Work instructions:
The expected result is every entry, retyped character for character.

Exercise input:
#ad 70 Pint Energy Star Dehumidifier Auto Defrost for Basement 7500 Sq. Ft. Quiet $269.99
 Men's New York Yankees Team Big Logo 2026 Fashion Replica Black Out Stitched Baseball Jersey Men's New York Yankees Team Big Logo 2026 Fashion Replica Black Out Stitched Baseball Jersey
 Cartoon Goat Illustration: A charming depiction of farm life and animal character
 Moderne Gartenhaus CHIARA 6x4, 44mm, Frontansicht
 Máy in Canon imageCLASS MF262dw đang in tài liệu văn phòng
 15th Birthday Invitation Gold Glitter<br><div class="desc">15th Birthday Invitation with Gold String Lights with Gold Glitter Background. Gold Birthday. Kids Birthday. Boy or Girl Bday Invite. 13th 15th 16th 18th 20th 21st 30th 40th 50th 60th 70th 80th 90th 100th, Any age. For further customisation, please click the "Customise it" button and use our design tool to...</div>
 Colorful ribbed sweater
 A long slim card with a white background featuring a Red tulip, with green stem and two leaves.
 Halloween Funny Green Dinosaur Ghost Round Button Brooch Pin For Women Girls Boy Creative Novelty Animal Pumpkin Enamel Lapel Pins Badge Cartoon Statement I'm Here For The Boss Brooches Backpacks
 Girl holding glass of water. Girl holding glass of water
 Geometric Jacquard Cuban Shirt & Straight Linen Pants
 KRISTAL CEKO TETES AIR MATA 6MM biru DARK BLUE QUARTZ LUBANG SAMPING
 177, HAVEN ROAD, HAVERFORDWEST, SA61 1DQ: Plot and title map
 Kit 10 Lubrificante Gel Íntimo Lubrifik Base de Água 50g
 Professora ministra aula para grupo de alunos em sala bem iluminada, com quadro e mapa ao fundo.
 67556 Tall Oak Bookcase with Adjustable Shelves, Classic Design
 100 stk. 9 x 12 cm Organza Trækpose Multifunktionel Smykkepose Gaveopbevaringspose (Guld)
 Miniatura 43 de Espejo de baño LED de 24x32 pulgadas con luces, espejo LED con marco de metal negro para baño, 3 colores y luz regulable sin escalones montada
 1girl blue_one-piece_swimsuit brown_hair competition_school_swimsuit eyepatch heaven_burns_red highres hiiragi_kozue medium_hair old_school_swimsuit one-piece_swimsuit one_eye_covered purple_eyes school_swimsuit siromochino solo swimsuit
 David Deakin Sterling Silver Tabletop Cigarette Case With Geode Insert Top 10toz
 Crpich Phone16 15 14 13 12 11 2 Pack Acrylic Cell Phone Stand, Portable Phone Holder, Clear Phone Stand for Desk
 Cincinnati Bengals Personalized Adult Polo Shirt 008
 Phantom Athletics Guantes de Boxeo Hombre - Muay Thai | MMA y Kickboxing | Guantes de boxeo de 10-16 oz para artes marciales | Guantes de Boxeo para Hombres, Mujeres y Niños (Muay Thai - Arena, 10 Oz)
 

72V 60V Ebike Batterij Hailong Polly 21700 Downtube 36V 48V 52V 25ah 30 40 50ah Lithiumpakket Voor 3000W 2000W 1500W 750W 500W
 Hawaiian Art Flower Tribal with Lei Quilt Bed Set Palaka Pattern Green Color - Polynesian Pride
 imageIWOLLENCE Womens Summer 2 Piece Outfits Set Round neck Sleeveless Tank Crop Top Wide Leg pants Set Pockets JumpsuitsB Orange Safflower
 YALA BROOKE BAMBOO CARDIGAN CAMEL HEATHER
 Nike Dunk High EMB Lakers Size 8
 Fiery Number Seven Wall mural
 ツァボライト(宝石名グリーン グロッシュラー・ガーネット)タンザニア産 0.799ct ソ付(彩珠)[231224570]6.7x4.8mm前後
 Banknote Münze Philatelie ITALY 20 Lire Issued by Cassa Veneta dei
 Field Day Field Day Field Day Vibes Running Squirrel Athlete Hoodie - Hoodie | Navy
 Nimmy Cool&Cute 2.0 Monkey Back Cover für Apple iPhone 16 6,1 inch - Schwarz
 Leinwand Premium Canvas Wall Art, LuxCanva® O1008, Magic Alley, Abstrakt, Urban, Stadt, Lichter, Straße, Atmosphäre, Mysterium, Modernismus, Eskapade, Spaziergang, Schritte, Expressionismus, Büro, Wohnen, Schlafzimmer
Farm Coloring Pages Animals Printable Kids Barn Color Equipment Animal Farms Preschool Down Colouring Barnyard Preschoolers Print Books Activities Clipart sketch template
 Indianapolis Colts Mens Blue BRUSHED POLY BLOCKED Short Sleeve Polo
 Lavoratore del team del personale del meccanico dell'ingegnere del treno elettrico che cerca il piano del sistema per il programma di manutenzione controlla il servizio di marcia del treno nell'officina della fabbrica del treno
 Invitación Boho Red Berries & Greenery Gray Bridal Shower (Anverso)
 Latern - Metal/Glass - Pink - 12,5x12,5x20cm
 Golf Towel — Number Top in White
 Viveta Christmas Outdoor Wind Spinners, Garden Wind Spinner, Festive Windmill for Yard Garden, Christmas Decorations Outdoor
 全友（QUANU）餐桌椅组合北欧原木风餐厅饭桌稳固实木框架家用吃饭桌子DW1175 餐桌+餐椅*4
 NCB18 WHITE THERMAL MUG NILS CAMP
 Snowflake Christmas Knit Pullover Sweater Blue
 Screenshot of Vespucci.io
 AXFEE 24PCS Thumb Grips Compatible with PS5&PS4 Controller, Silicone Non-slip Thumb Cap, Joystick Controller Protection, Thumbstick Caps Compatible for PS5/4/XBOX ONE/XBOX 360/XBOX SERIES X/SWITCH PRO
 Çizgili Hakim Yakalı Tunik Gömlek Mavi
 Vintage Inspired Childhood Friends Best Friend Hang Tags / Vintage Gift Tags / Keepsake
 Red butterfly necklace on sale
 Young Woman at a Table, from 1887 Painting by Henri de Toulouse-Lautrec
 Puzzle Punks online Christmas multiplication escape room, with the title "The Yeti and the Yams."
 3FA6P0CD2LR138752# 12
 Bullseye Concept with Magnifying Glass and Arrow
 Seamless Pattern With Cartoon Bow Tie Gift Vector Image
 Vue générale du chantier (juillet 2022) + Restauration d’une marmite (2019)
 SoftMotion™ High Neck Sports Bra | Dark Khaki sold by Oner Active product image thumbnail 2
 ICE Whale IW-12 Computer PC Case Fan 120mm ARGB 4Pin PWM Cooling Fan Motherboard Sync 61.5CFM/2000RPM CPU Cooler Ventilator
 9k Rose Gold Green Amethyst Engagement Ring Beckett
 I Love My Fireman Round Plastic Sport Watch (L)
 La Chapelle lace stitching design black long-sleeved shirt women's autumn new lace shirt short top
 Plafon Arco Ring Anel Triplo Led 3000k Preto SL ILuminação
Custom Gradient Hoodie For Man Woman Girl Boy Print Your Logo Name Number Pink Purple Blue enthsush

Output for this exercise:
#ad 70 Pint Energy Star Dehumidifier Auto Defrost for Basement 7500 Sq. Ft. Quiet $269.99
 Men's New York Yankees Team Big Logo 2026 Fashion Replica Black Out Stitched Baseball Jersey Men's New York Yankees Team Big Logo 2026 Fashion Replica Black Out Stitched Baseball Jersey
 Cartoon Goat Illustration: A charming depiction of farm life and animal character
 Moderne Gartenhaus CHIARA 6x4, 44mm, Frontansicht
 Máy in Canon imageCLASS MF262dw đang in tài liệu văn phòng
 15th Birthday Invitation Gold Glitter<br><div class="desc">15th Birthday Invitation with Gold String Lights with Gold Glitter Background. Gold Birthday. Kids Birthday. Boy or Girl Bday Invite. 13th 15th 16th 18th 20th 21st 30th 40th 50th 60th 70th 80th 90th 100th, Any age. For further customisation, please click the "Customise it" button and use our design tool to...</div>
 Colorful ribbed sweater
 A long slim card with a white background featuring a Red tulip, with green stem and two leaves.
 Halloween Funny Green Dinosaur Ghost Round Button Brooch Pin For Women Girls Boy Creative Novelty Animal Pumpkin Enamel Lapel Pins Badge Cartoon Statement I'm Here For The Boss Brooches Backpacks
 Girl holding glass of water. Girl holding glass of water
 Geometric Jacquard Cuban Shirt & Straight Linen Pants
 KRISTAL CEKO TETES AIR MATA 6MM biru DARK BLUE QUARTZ LUBANG SAMPING
 177, HAVEN ROAD, HAVERFORDWEST, SA61 1DQ: Plot and title map
 Kit 10 Lubrificante Gel Íntimo Lubrifik Base de Água 50g
 Professora ministra aula para grupo de alunos em sala bem iluminada, com quadro e mapa ao fundo.
 67556 Tall Oak Bookcase with Adjustable Shelves, Classic Design
 100 stk. 9 x 12 cm Organza Trækpose Multifunktionel Smykkepose Gaveopbevaringspose (Guld)
 Miniatura 43 de Espejo de baño LED de 24x32 pulgadas con luces, espejo LED con marco de metal negro para baño, 3 colores y luz regulable sin escalones montada
 1girl blue_one-piece_swimsuit brown_hair competition_school_swimsuit eyepatch heaven_burns_red highres hiiragi_kozue medium_hair old_school_swimsuit one-piece_swimsuit one_eye_covered purple_eyes school_swimsuit siromochino solo swimsuit
 David Deakin Sterling Silver Tabletop Cigarette Case With Geode Insert Top 10toz
 Crpich Phone16 15 14 13 12 11 2 Pack Acrylic Cell Phone Stand, Portable Phone Holder, Clear Phone Stand for Desk
 Cincinnati Bengals Personalized Adult Polo Shirt 008
 Phantom Athletics Guantes de Boxeo Hombre - Muay Thai | MMA y Kickboxing | Guantes de boxeo de 10-16 oz para artes marciales | Guantes de Boxeo para Hombres, Mujeres y Niños (Muay Thai - Arena, 10 Oz)
 

72V 60V Ebike Batterij Hailong Polly 21700 Downtube 36V 48V 52V 25ah 30 40 50ah Lithiumpakket Voor 3000W 2000W 1500W 750W 500W
 Hawaiian Art Flower Tribal with Lei Quilt Bed Set Palaka Pattern Green Color - Polynesian Pride
 imageIWOLLENCE Womens Summer 2 Piece Outfits Set Round neck Sleeveless Tank Crop Top Wide Leg pants Set Pockets JumpsuitsB Orange Safflower
 YALA BROOKE BAMBOO CARDIGAN CAMEL HEATHER
 Nike Dunk High EMB Lakers Size 8
 Fiery Number Seven Wall mural
 ツァボライト(宝石名グリーン グロッシュラー・ガーネット)タンザニア産 0.799ct ソ付(彩珠)[231224570]6.7x4.8mm前後
 Banknote Münze Philatelie ITALY 20 Lire Issued by Cassa Veneta dei
 Field Day Field Day Field Day Vibes Running Squirrel Athlete Hoodie - Hoodie | Navy
 Nimmy Cool&Cute 2.0 Monkey Back Cover für Apple iPhone 16 6,1 inch - Schwarz
 Leinwand Premium Canvas Wall Art, LuxCanva® O1008, Magic Alley, Abstrakt, Urban, Stadt, Lichter, Straße, Atmosphäre, Mysterium, Modernismus, Eskapade, Spaziergang, Schritte, Expressionismus, Büro, Wohnen, Schlafzimmer
Farm Coloring Pages Animals Printable Kids Barn Color Equipment Animal Farms Preschool Down Colouring Barnyard Preschoolers Print Books Activities Clipart sketch template
 Indianapolis Colts Mens Blue BRUSHED POLY BLOCKED Short Sleeve Polo
 Lavoratore del team del personale del meccanico dell'ingegnere del treno elettrico che cerca il piano del sistema per il programma di manutenzione controlla il servizio di marcia del treno nell'officina della fabbrica del treno
 Invitación Boho Red Berries & Greenery Gray Bridal Shower (Anverso)
 Latern - Metal/Glass - Pink - 12,5x12,5x20cm
 Golf Towel — Number Top in White
 Viveta Christmas Outdoor Wind Spinners, Garden Wind Spinner, Festive Windmill for Yard Garden, Christmas Decorations Outdoor
 全友（QUANU）餐桌椅组合北欧原木风餐厅饭桌稳固实木框架家用吃饭桌子DW1175 餐桌+餐椅*4
 NCB18 WHITE THERMAL MUG NILS CAMP
 Snowflake Christmas Knit Pullover Sweater Blue
 Screenshot of Vespucci.io
 AXFEE 24PCS Thumb Grips Compatible with PS5&PS4 Controller, Silicone Non-slip Thumb Cap, Joystick Controller Protection, Thumbstick Caps Compatible for PS5/4/XBOX ONE/XBOX 360/XBOX SERIES X/SWITCH PRO
 Çizgili Hakim Yakalı Tunik Gömlek Mavi
 Vintage Inspired Childhood Friends Best Friend Hang Tags / Vintage Gift Tags / Keepsake
 Red butterfly necklace on sale
 Young Woman at a Table, from 1887 Painting by Henri de Toulouse-Lautrec
 Puzzle Punks online Christmas multiplication escape room, with the title "The Yeti and the Yams."
 3FA6P0CD2LR138752# 12
 Bullseye Concept with Magnifying Glass and Arrow
 Seamless Pattern With Cartoon Bow Tie Gift Vector Image
 Vue générale du chantier (juillet 2022) + Restauration d’une marmite (2019)
 SoftMotion™ High Neck Sports Bra | Dark Khaki sold by Oner Active product image thumbnail 2
 ICE Whale IW-12 Computer PC Case Fan 120mm ARGB 4Pin PWM Cooling Fan Motherboard Sync 61.5CFM/2000RPM CPU Cooler Ventilator
 9k Rose Gold Green Amethyst Engagement Ring Beckett
 I Love My Fireman Round Plastic Sport Watch (L)
 La Chapelle lace stitching design black long-sleeved shirt women's autumn new lace shirt short top
 Plafon Arco Ring Anel Triplo Led 3000k Preto SL ILuminação
Custom Gradient Hoodie For Man Woman Girl Boy Print Your Logo Name Number Pink Purple Blue enthsush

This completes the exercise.